__Required action__
An exact reproduction of the data below is expected, free of images.

═════ The data

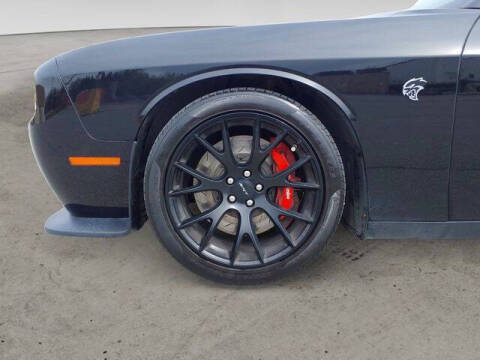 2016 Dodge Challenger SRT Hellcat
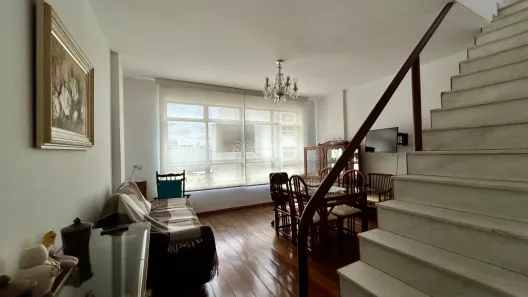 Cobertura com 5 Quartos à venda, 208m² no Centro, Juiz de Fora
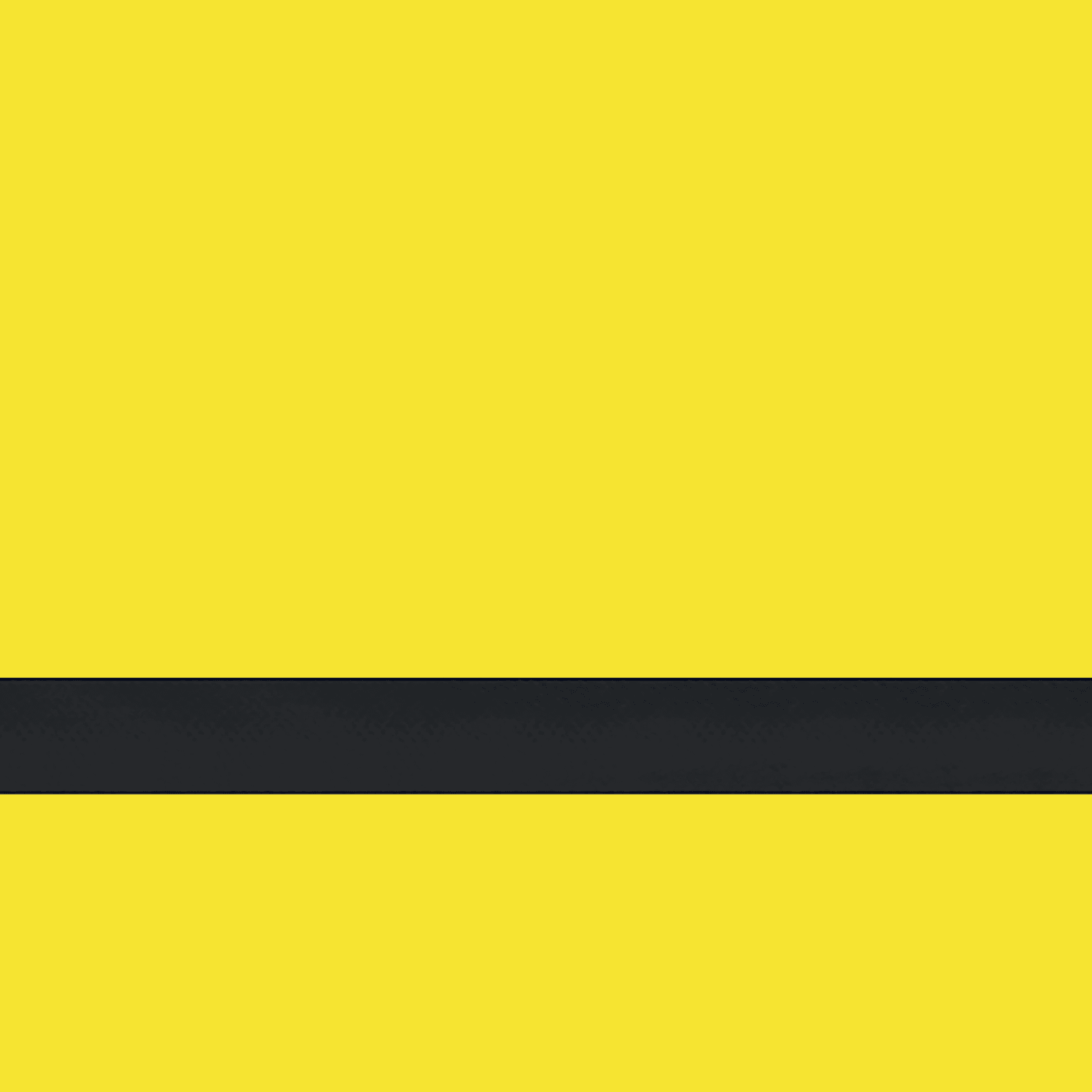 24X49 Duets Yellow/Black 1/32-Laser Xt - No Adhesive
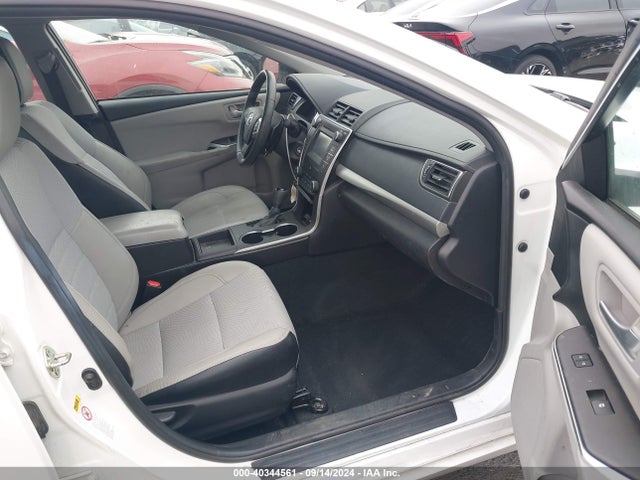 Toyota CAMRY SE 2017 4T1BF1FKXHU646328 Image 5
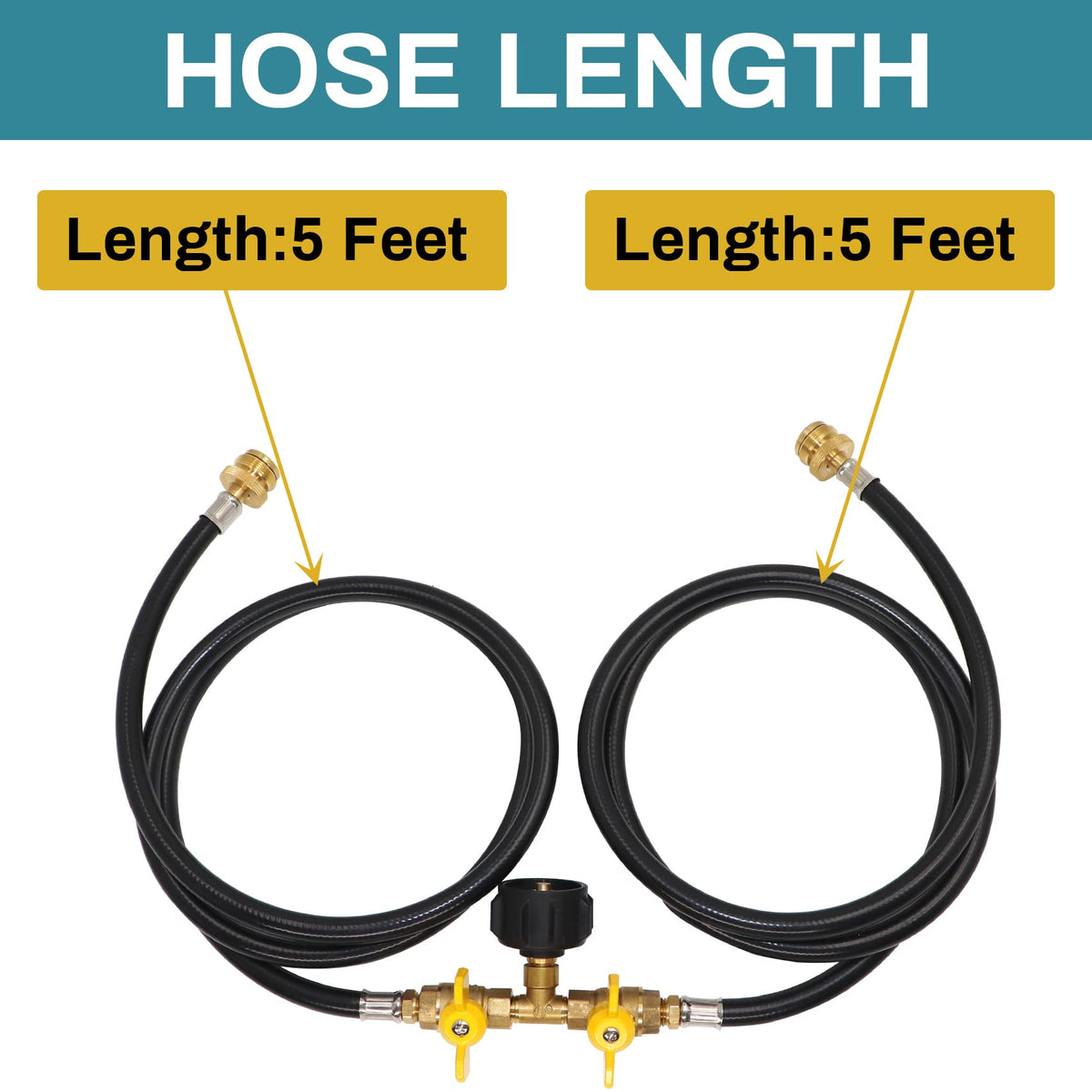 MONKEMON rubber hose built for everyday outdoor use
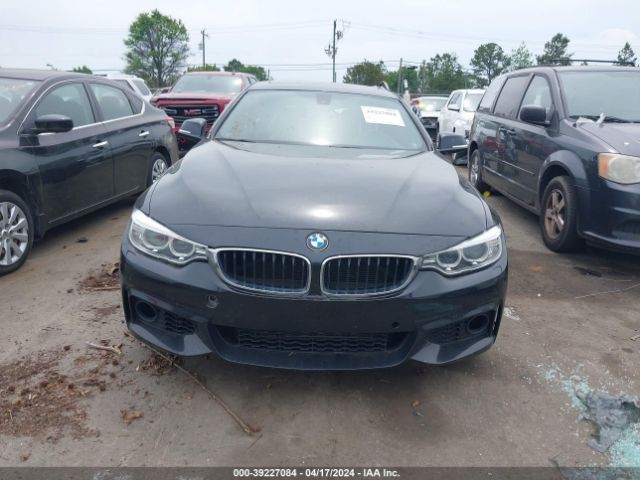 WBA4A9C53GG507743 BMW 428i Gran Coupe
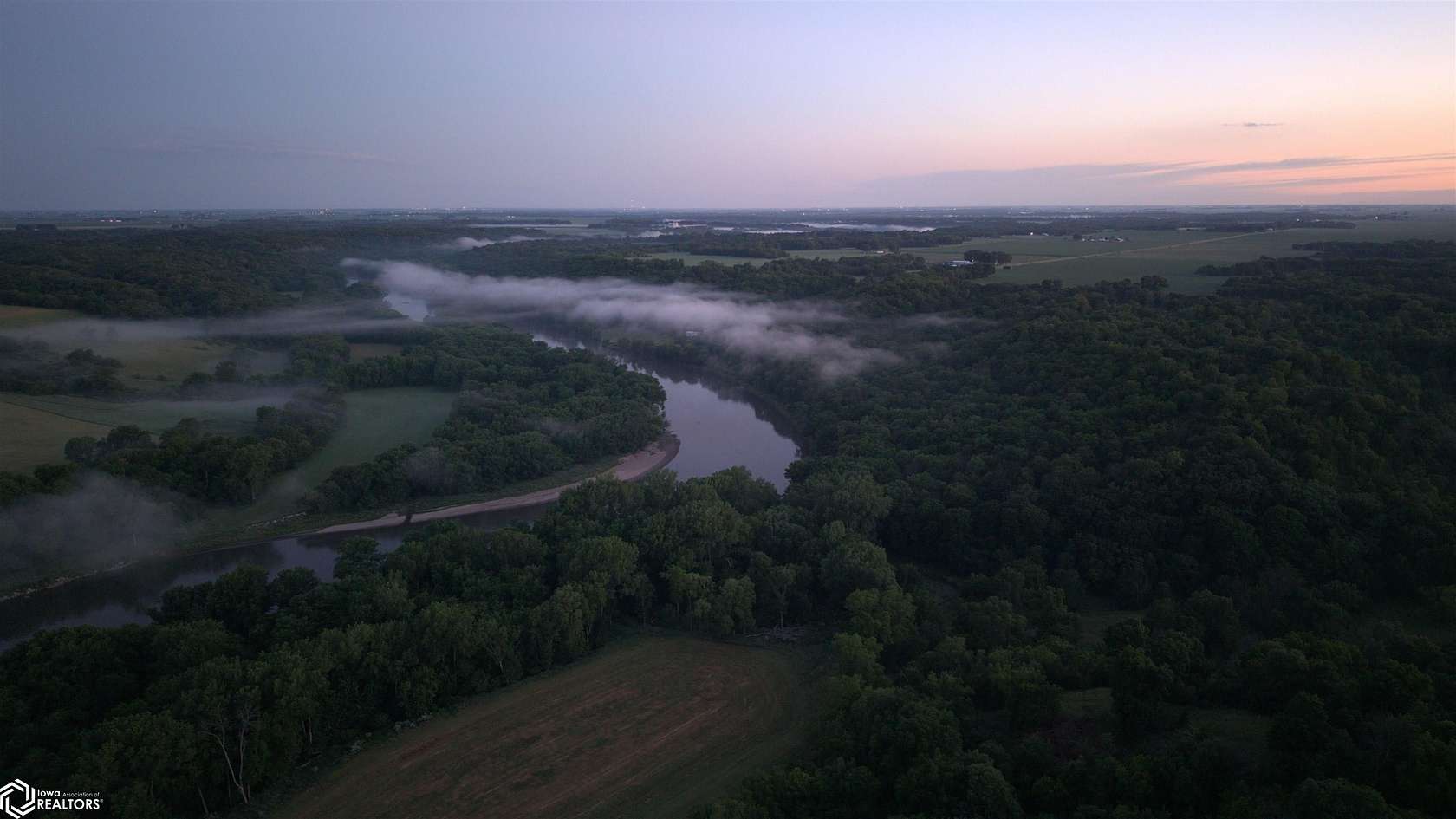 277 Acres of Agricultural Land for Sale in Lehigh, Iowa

══════════

__Solution__
 2016 Dodge Challenger SRT Hellcat
 Cobertura com 5 Quartos à venda, 208m² no Centro, Juiz de Fora
 24X49 Duets Yellow/Black 1/32-Laser Xt - No Adhesive
 Toyota CAMRY SE 2017 4T1BF1FKXHU646328 Image 5
 MONKEMON rubber hose built for everyday outdoor use
 WBA4A9C53GG507743 BMW 428i Gran Coupe
 277 Acres of Agricultural Land for Sale in Lehigh, Iowa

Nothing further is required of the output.